* **Recorded data**
# # # # # # #
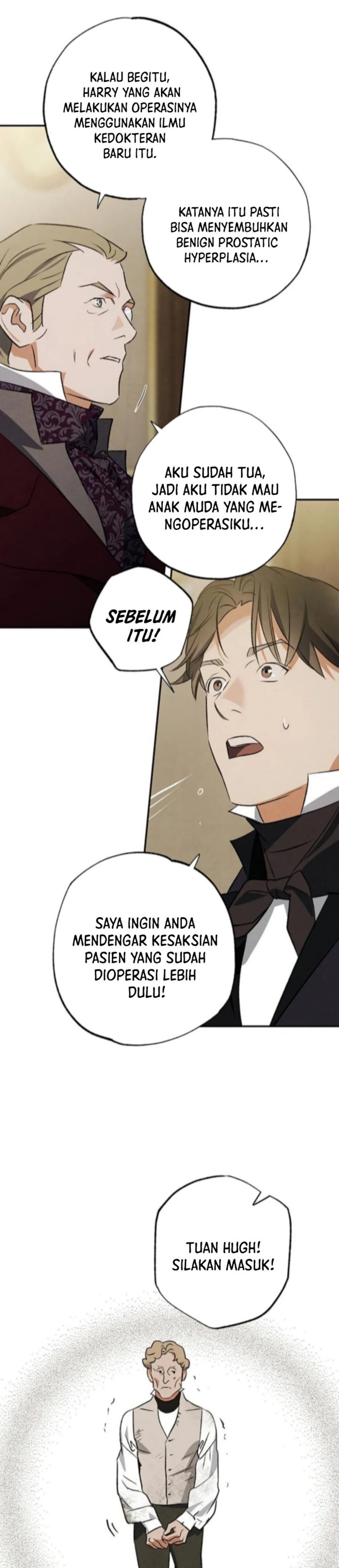 The Black-Haired British Doctor Chapter 45 Gambar 22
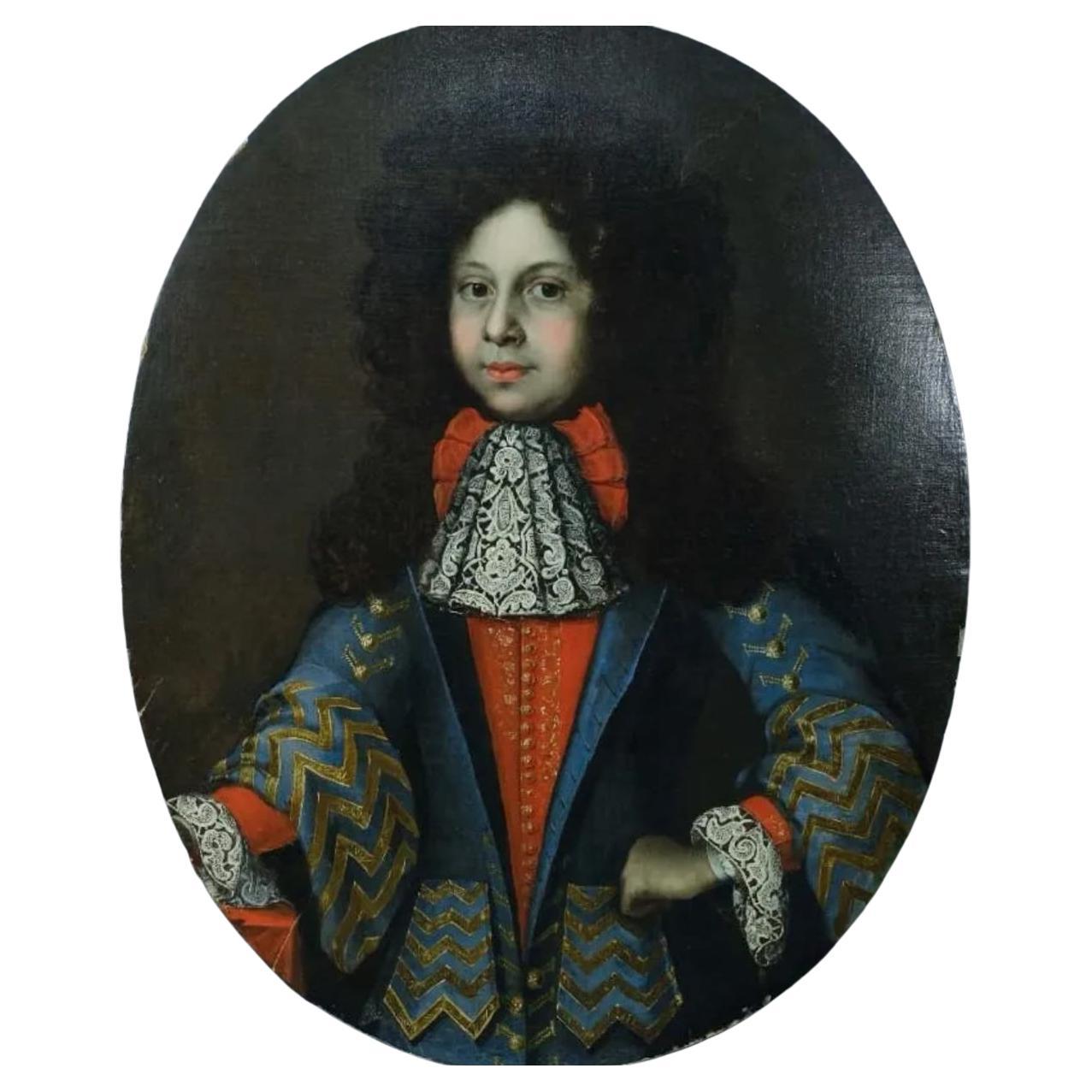 Entourage de François De Troy Toulouse 1645-1730 Paris Portrait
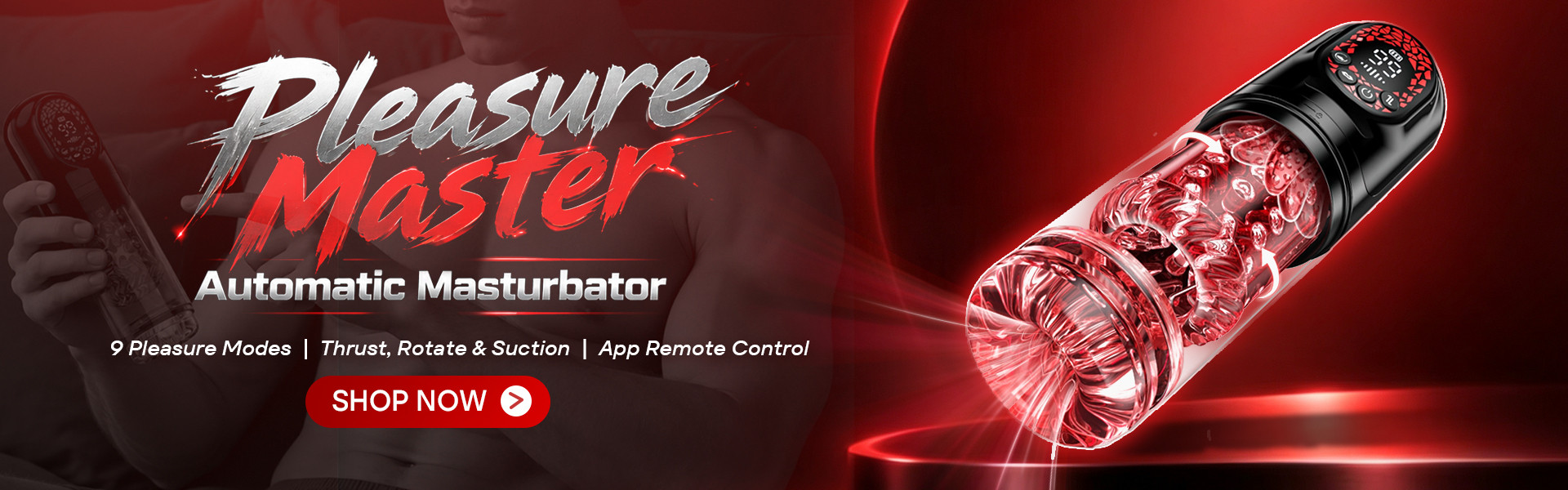 Pleasure Master Automatic Masturbator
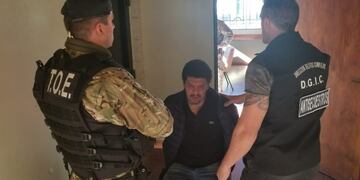 Murúa, al ser detenido\u002E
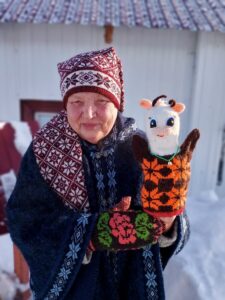 Игрушки от бабушки Веры: тепло рук и частичка души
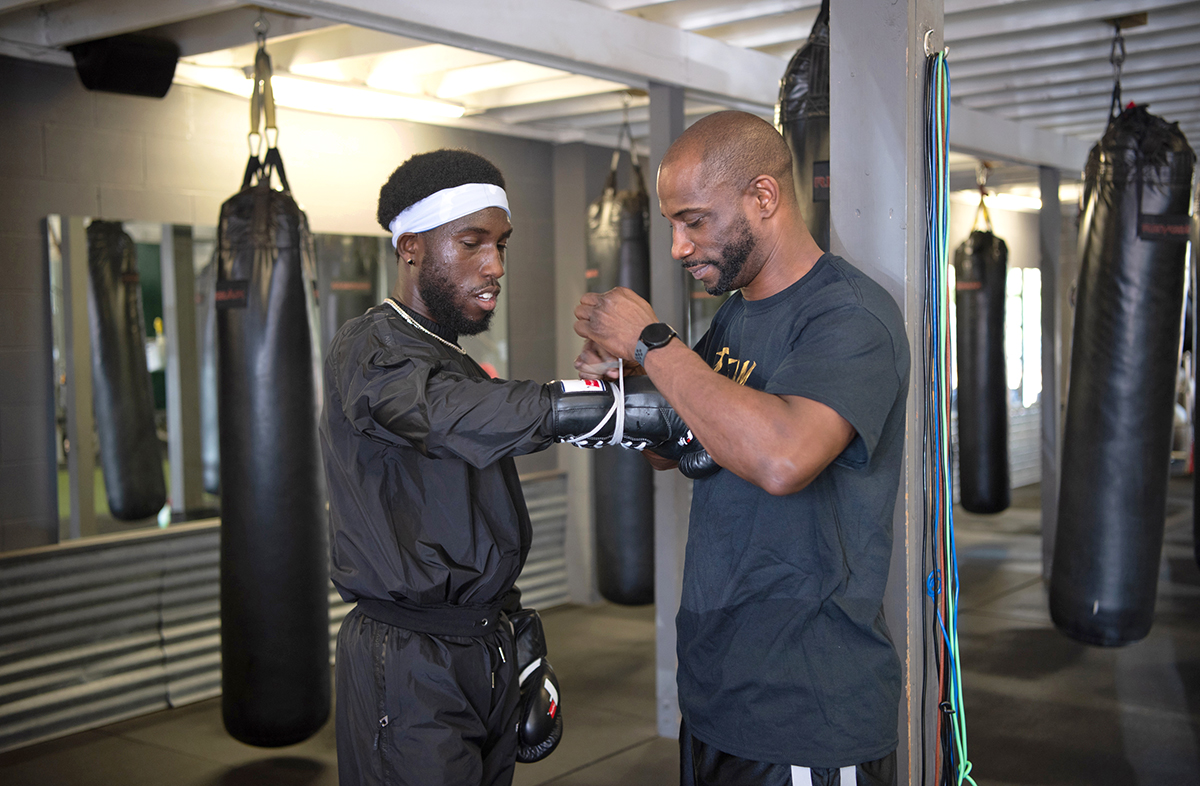 Father-Son Boxing Team Grooms for Greatness at Winter Park Gym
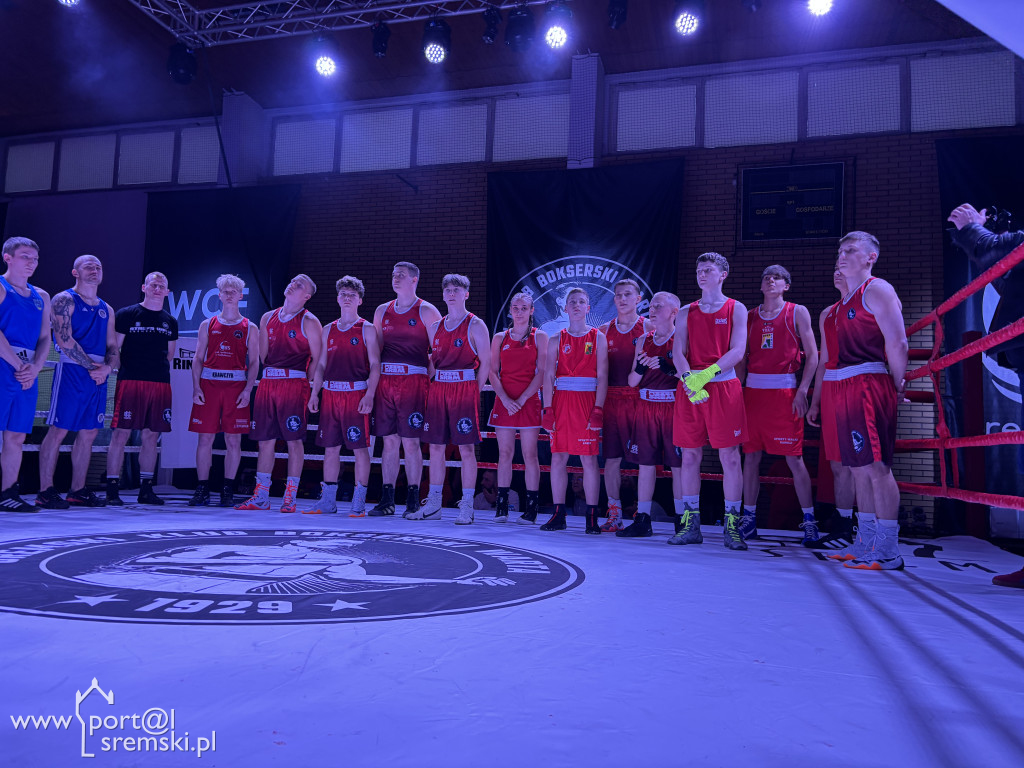 Turniej Bokserski - Memoriał im. Floriana Łuszczewskiego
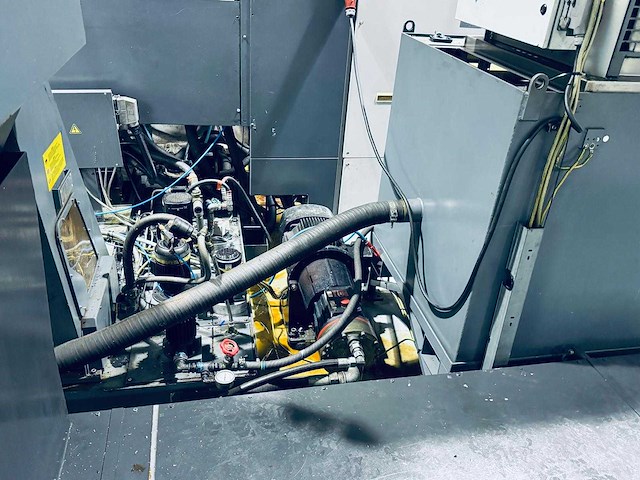 Okuma - 2009 - ma600hb - cnc horizontale machinecentra - afbeelding 8 van  21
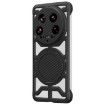 Xiaomi 14 Ultra Carbon Fiber MagSafe Case with Rotating Bracket - 1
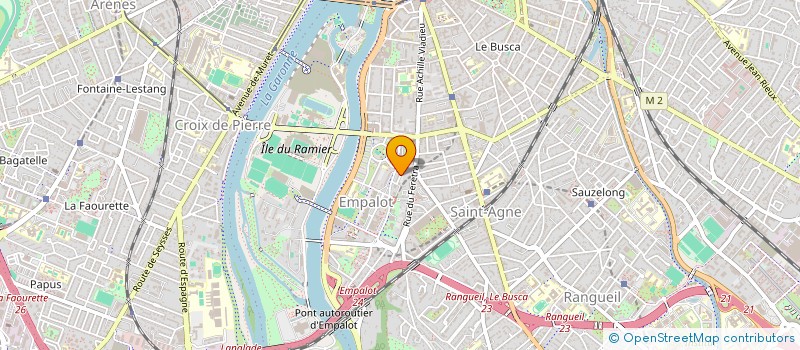 localisation de l'entreprise MONSIEUR ASGHAR KAZEMI JAHANDIZI à TOULOUSE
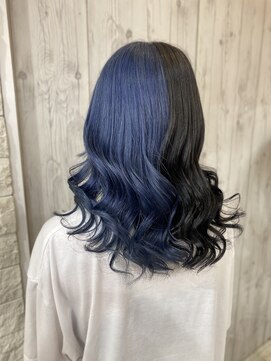 ダンク(DUNK) ブルーツートン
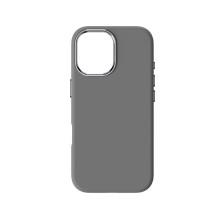 „iPhone 17 Forcell F-Protect Frame Premium“ dėklas, suderinamas su „Magsafe“ ir pilkas „iPhone 17 Forcell F-Protect Frame Premium“ dėklas, suderinamas su „Magsafe“ ir pilkas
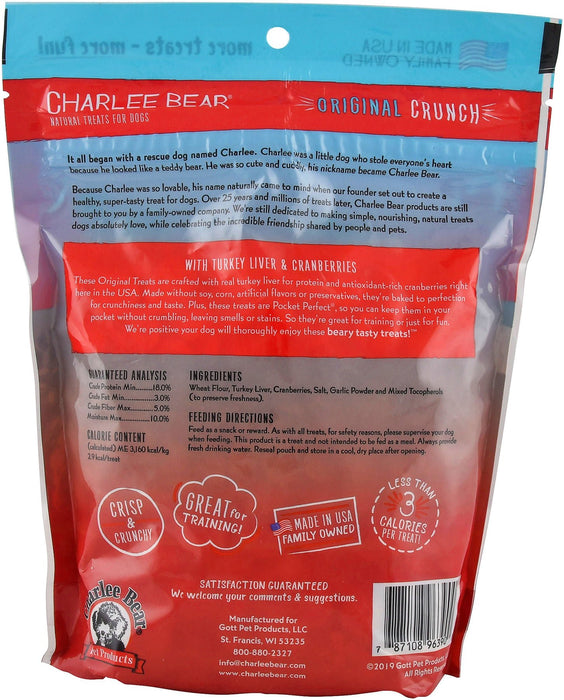 Charlee Bear Dog Treats, 16 oz - Jeffers - Dog Supplies > Dog Treats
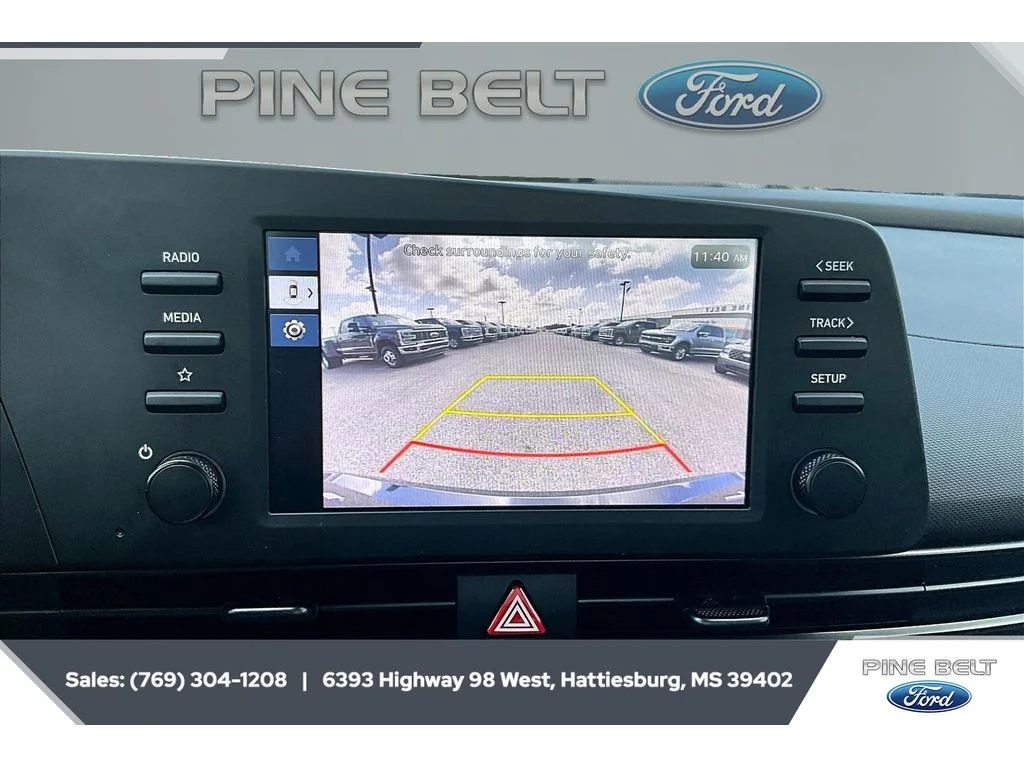 Used 2025 Abyss Black Hyundai SEL Sport image 15
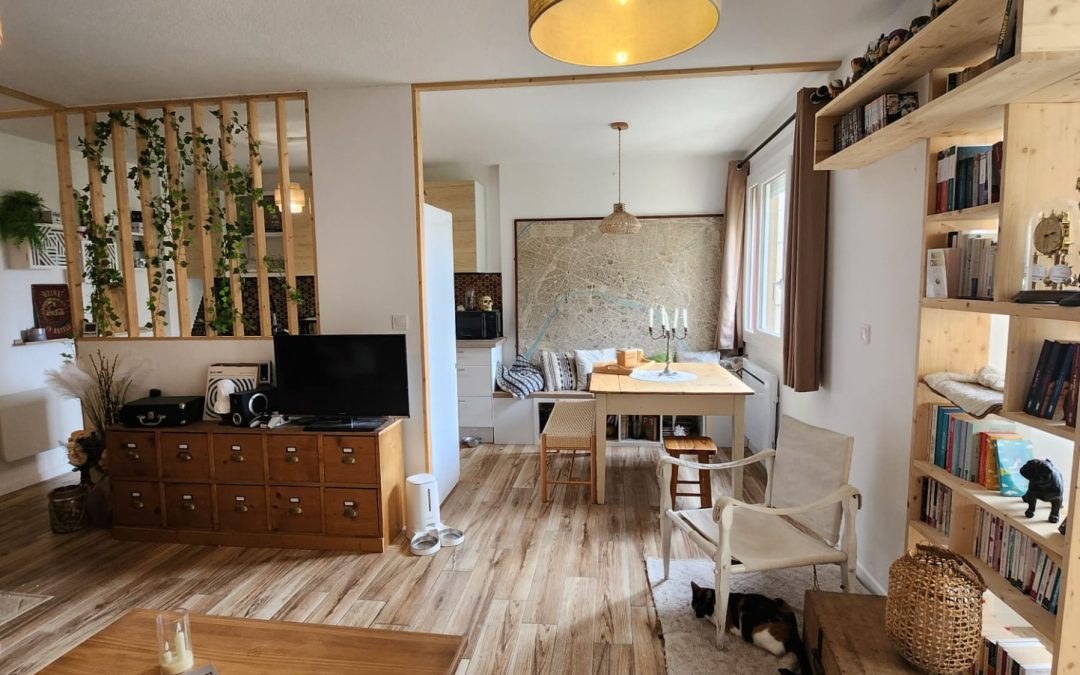 Appartement T2 centre ville en parfait état.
# # # # # # #
* **Assigned task**
Starting with the first line of the data, transcribe every line exactly through the one containing "Игрушки от бабушки". No pictures go in.

* **Solution for this task**
 The Black-Haired British Doctor Chapter 45 Gambar 22
 Entourage de François De Troy Toulouse 1645-1730 Paris Portrait
 Pleasure Master Automatic Masturbator
 Murúa, al ser detenido\u002E
 Игрушки от бабушки Веры: тепло рук и частичка души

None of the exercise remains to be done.